On behalf of a coalition of over 50 organizations consisting of consumer and environmental groups, the Center for Food Safety is opposing final FDA approval and has led a campaign to stop the fish from entering U.S. markets.

It’s not genetic engineering, a process of recombining DNA from two different species, that concerns the activists. Currently, over 80 percent of corn and 90 percent of soybeans in the U.S. are genetically modified. Genetic engineering has also led to many life-saving drugs and is extremely important in medical research, especially for combating deadly influenza viruses. Rather, consumer activists are concerned that the bioengineered salmon could have novel expressed proteins that are allergenic to humans.

Environmental groups are concerned that the genetically engineered salmon might escape and breed with wild populations, leading to the native populations’ extinction.

To address the mixing issue, AquaBounty has created females with three sets of chromosomes, making them sterile. Also, the company plans to raise the fish in isolated tanks that are double-barricaded, to minimize the chance that some of the genetically modified salmon will escape into the wild.

James Greenwood, the president of the Biotechnology Industry Organization, would like to see an equal emphasis on risks and benefits of GMOs in the approval process. Besides providing a boost to the biotechnology industry and reducing its carbon footprint, GMOs provide a solution to the over-fishing that inevitably arises from a burgeoning population.

Over the years, genetically modified plants have eased food shortages, addressed nutritional deficiencies and generally helped mankind. Yet, because of irrational public opposition to GMOs, the European Union banned imports of all genetically modified foods and feed products between June 1998 and August 2003. This ban cost American farmers roughly $300,000,000 a year.

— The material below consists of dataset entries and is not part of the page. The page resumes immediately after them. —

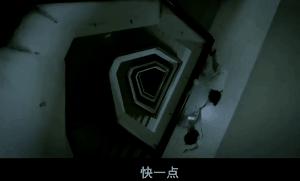 故事很吓人的,很可怕的一个故事恐怖片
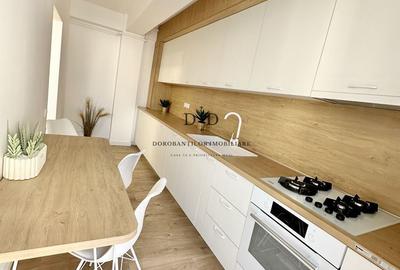 Vânzare Apartament 2 camere | Parcare | Floresti- Cartier Terra - 3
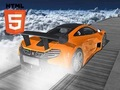 Igra Super auti vratolomije  online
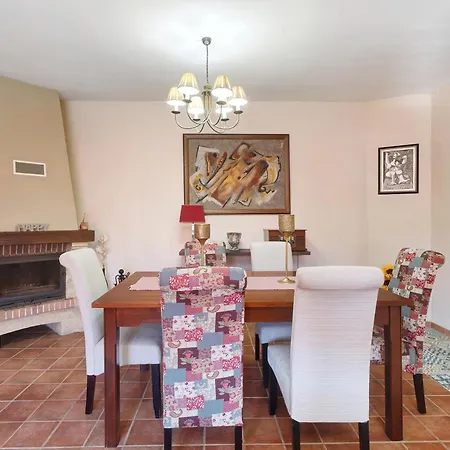 Casa Alberto Santos Holiday home
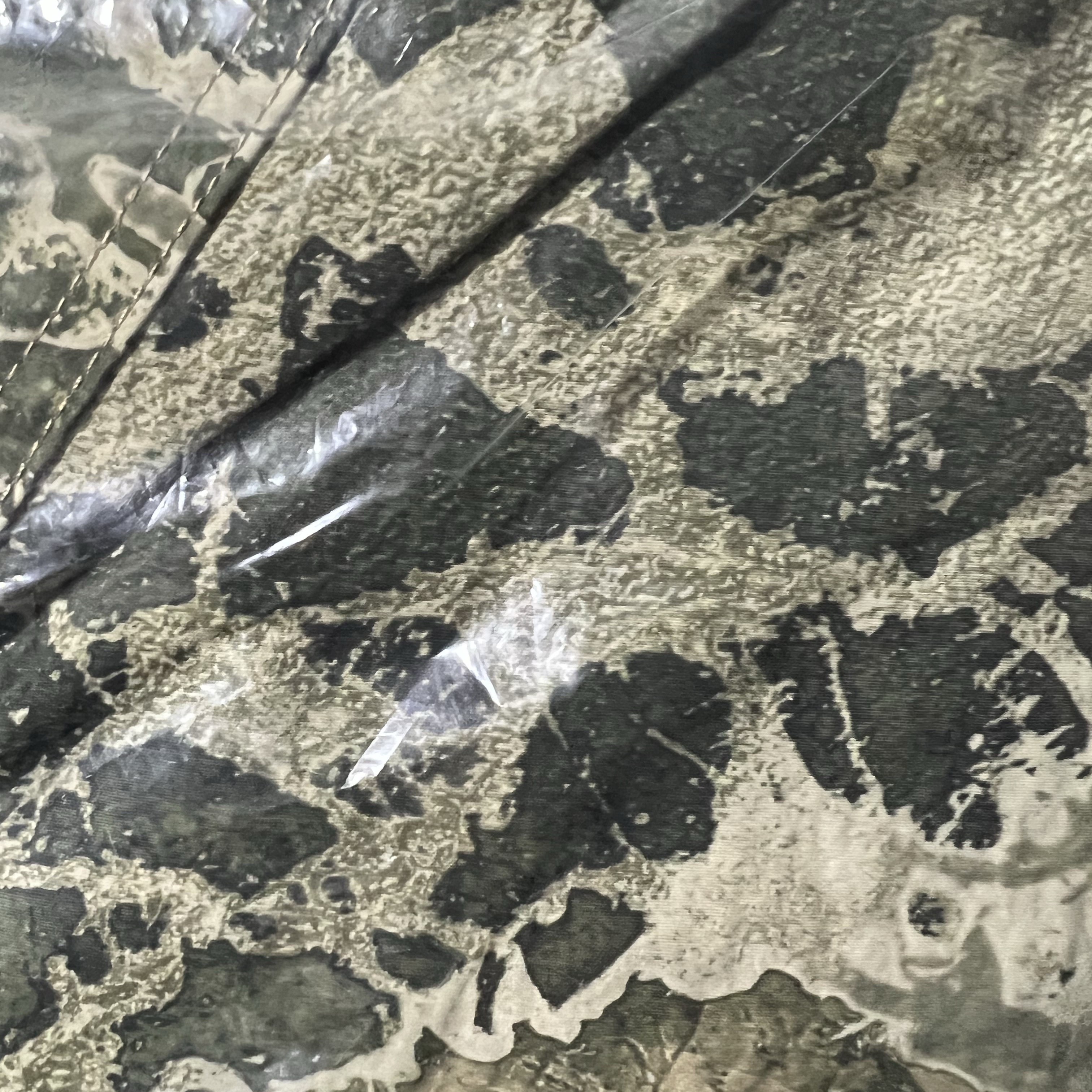 Stussy Realtree Wav3 Beach Shell Wave3 Hillside 착용 스타일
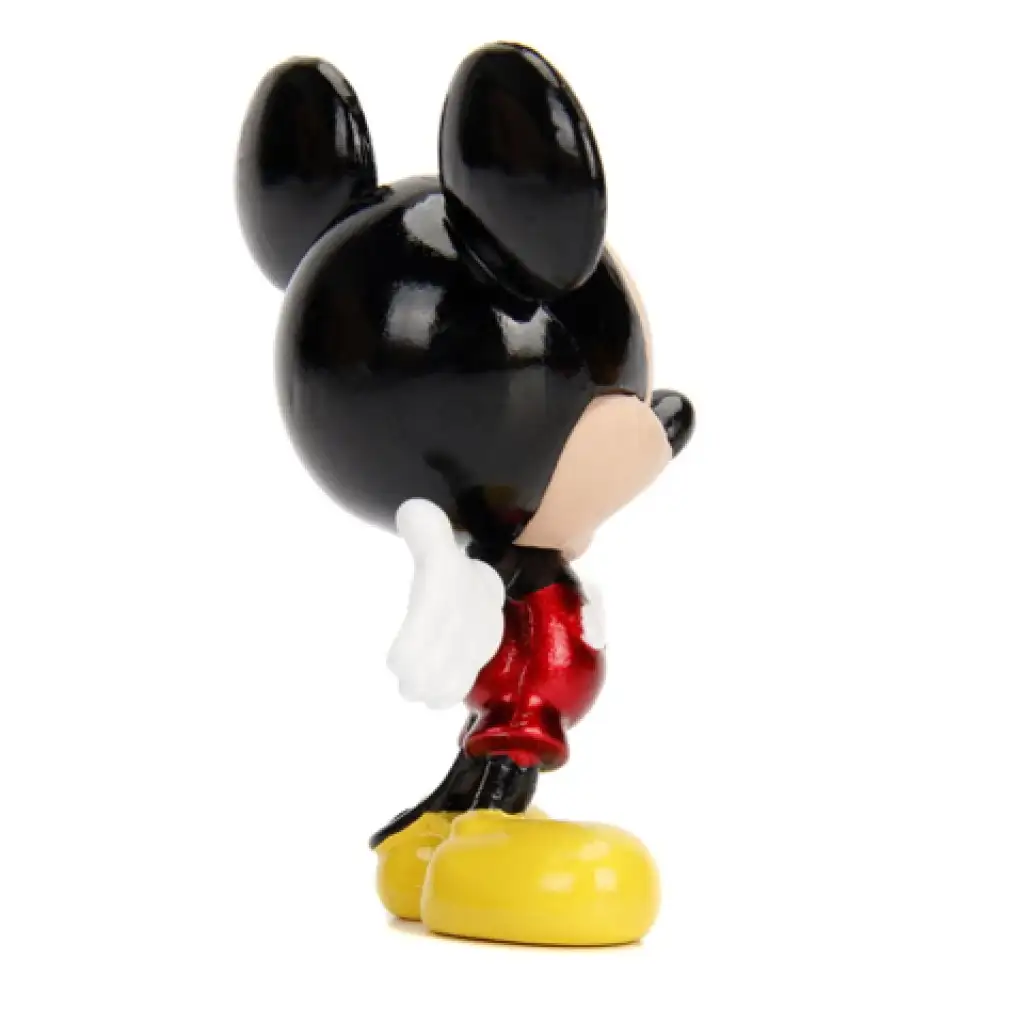 Класически фигура на Мики Маус от метал 6,5 см - Simba Toys изображение 2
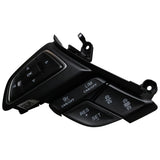 C-Max Focus Kuga linker Lenkradsteuerungsschalter 04/15-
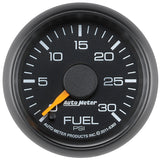 GAUGE, FUEL PRESSURE, 2 1/16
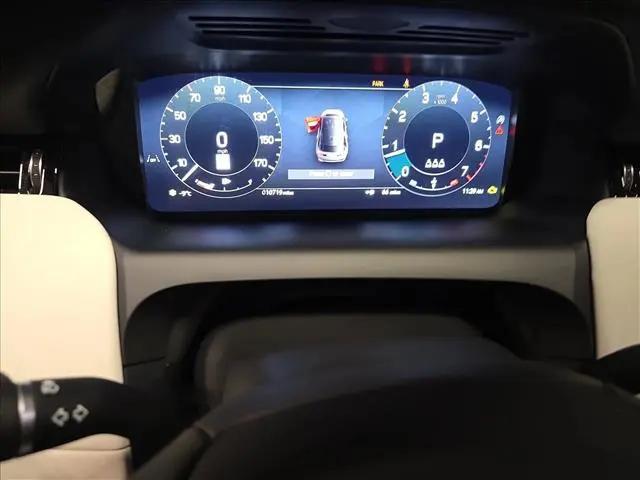 2024 Land Rover Discovery Sport Core S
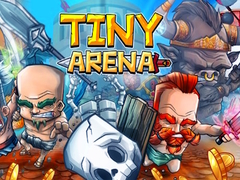 Игра Tiny Arena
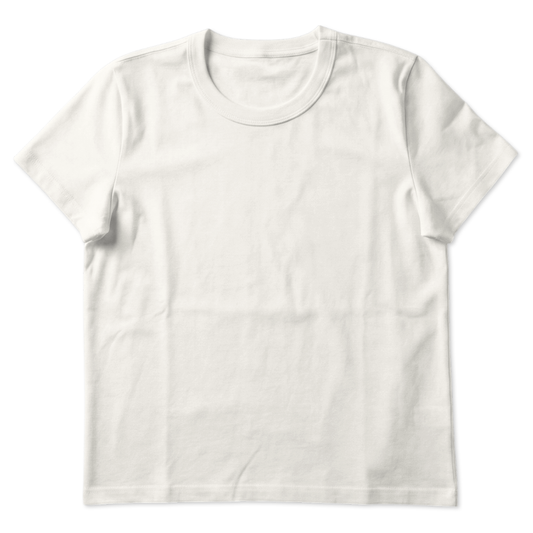 Women's Base Premium Cotton Tee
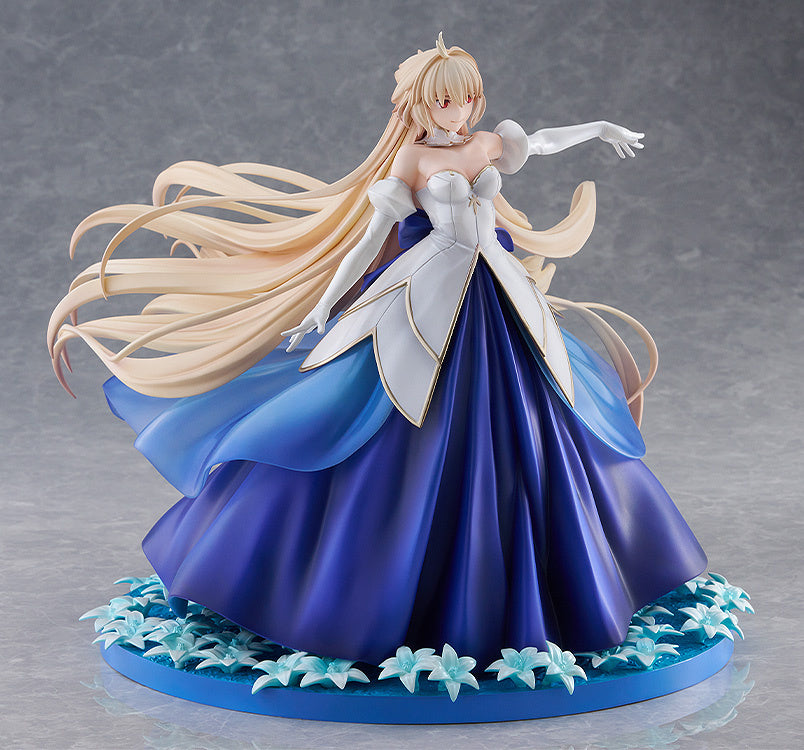 Tsukihime A Piece of Blue Glass Moon Arcueid Brunestud (Inner Sea of the Planet) 1/8 Scale Figure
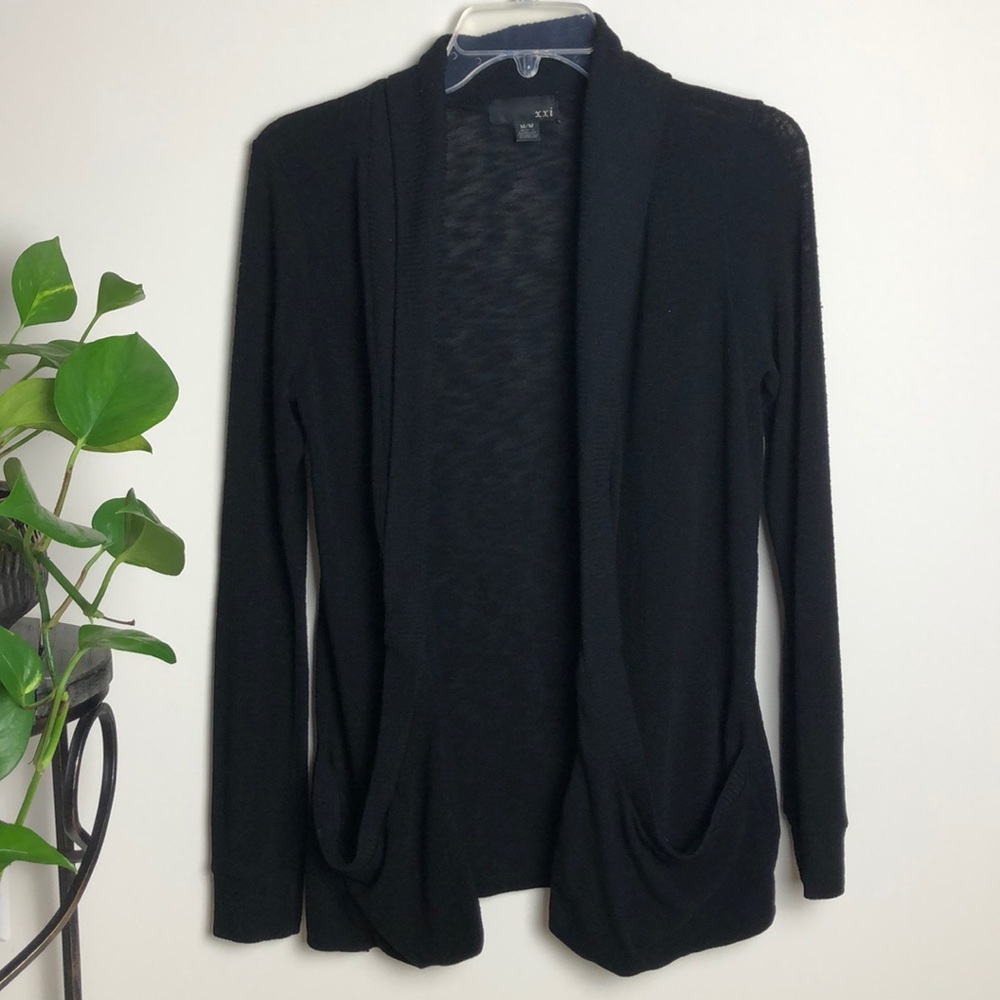 🌿FOREVER 21 CARDIGAN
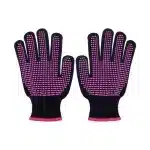 xTool knitted gloves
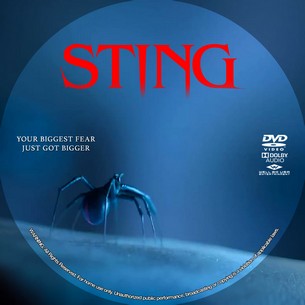Sting 2024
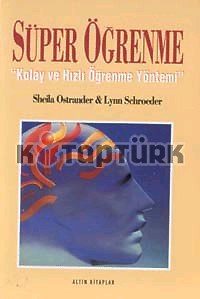 Süper Öğrenme-S. OSTRANDER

Society is willing to tolerate some technologies despite the dangers they pose. For instance, each year 40,000 people die in automobile accidents and 106,000 people die as the result of side effects from medications. But biotechnology has never killed anyone. Clearly, political activists are holding biotechnology to a higher standard.

Randall Mayes is a senior fellow with STATS at George Mason University. He covers science as it relates to business, politics, and culture and is a technology policy analyst specializing in issues related to genomics, nanotechnology, and synthetic biology. His new book Revolutions: Paving the Way for the Bioeconomy is scheduled for release with Logos Press in 2012.